A boom in memory chips spurred by demand from smartphones and servers has helped Samsung tide over the costly failure last year of its Galaxy Note 7 smartphone and management turmoil. Vice Chairman Jay Y. Lee is on trial for bribery and other charges linked to a corruption scandal that led to the ouster and arrest of South Korean President Park Geun-hye.
Shares of Samsung, Asia’s biggest company by market capitalization and the world’s largest memory chip maker, are near record highs after gaining nearly 17 percent so far this year, on top of the 43 percent surge in 2016.
A Thomson Reuters survey of 18 analysts has on average estimated Samsung’s January-March operating profit to have risen 41 percent from a year earlier to 9.4 trillion won ($8.44 billion), driven by record chip division profit of 5.8 trillion won. That’s its highest profit since the best-ever 10.2 trillion won profit clocked in the third quarter of 2013.

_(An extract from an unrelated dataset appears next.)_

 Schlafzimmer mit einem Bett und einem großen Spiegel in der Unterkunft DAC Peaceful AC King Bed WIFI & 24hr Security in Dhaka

And as Samsung prepares to start selling its revamped Galaxy S8 from April 21, the average forecast from the same survey tips Samsung to report a record 11.9 trillion won profit in the second quarter.
“Right now it’s about as good as it gets for Samsung,” said Park Jung-hoon, fund manager at Samsung shareholder HDC Asset Management.
Samsung will issue its earnings guidance early on Friday.
Analysts expect tight supply conditions for memory chips to continue this year, particularly in NAND flash chips used for long-term data storage, keeping Samsung’s margins padded. That leaves the mobile division as the key earnings variable, they said.
Samsung ceded the smartphone crown to arch-rival Apple Inc (AAPL.O) for the fourth quarter of 2016 after being forced to pull the fire-prone Note 7s from the market in October. The hope is the S8 will help Samsung regain its lead.
The S8, sporting the largest screens to date among all of Samsung’s flagship phones as part of a design revamp, has been praised following the March 29 launch in New York.
Some analysts and Samsung’s head of smartphone business expect the phone’s first-year sales to beat that of predecessor S7, setting a new record for the South Korean company.
“We think the S8 series will definitely be a strong flagship for Samsung and help it gain back market share,” Counterpoint analyst Tom Kang said.
“The launch of the fully revamped iPhone 8 will also be threatening. But there is also pent up demand for Samsung devices rolling over from last year due to the disappearance of the Note 7,” he said. “So those 2 factors will balance out.”
Samsung will only provide estimates for January-March revenue and operating profit on Friday and will disclose detailed results in late April.